After the discovery of cases of cholera in Kalma camp, the aid agencies have begun vaccination programmes. There is a huge rise in cases of malnutrition, especially among the young, caused partly by diarrhoea and partly by a shortage of food.

The UN has launched an appeal for $350m (£190m), which will fund relief until the end of the year. Only $188m has been raised so far.

The rains are almost a month late. This would normally be a source of concern in this part of the world, but the delayprovides a little extra time before further disaster. When they do come - very soon, according to forecasts - many camps will become swamps of human and animal excrement. The dirt roads used by relief convoys will be almost impassable.

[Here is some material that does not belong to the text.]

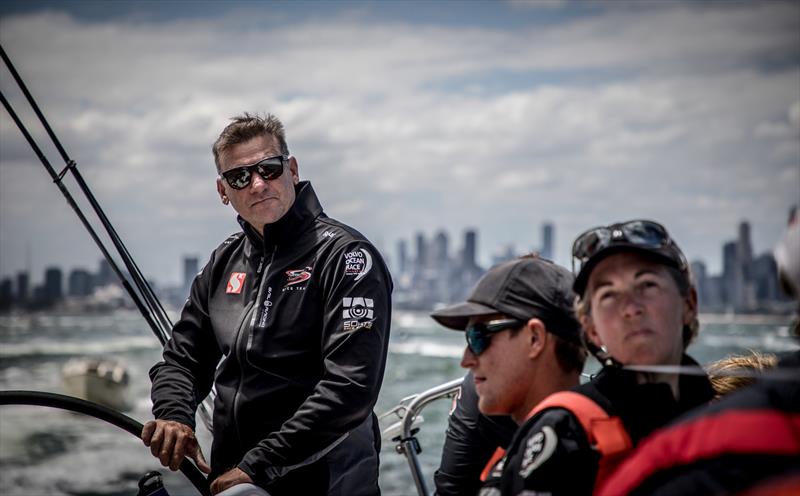 Leg 4, Melbourne to Hong Kong, day 1 Melbourne skyline behind as the team head out of the bay on board Sun Hung Kai / Scallywag. - photo © Konrad Frost / Volvo Ocean Race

At Kalma, Amina Khalid cradles her painfully thin two-year-old boy, Ismail. "He is losing weight; he is sick all the time. I am afraid of what will happen. The aid people are good, the doctors are good. I am just praying and praying."

Oxfam is involved in major sanitation work at Kalma. The charity's Adrian McIntyre said: "Our policy is quite simple: internally displaced people should not be sent back to areas that are not safe. We are also facing huge problems with the danger of diseases breaking out in the camps. It is perhaps not clear to the outside world the sheer scale of what could happen."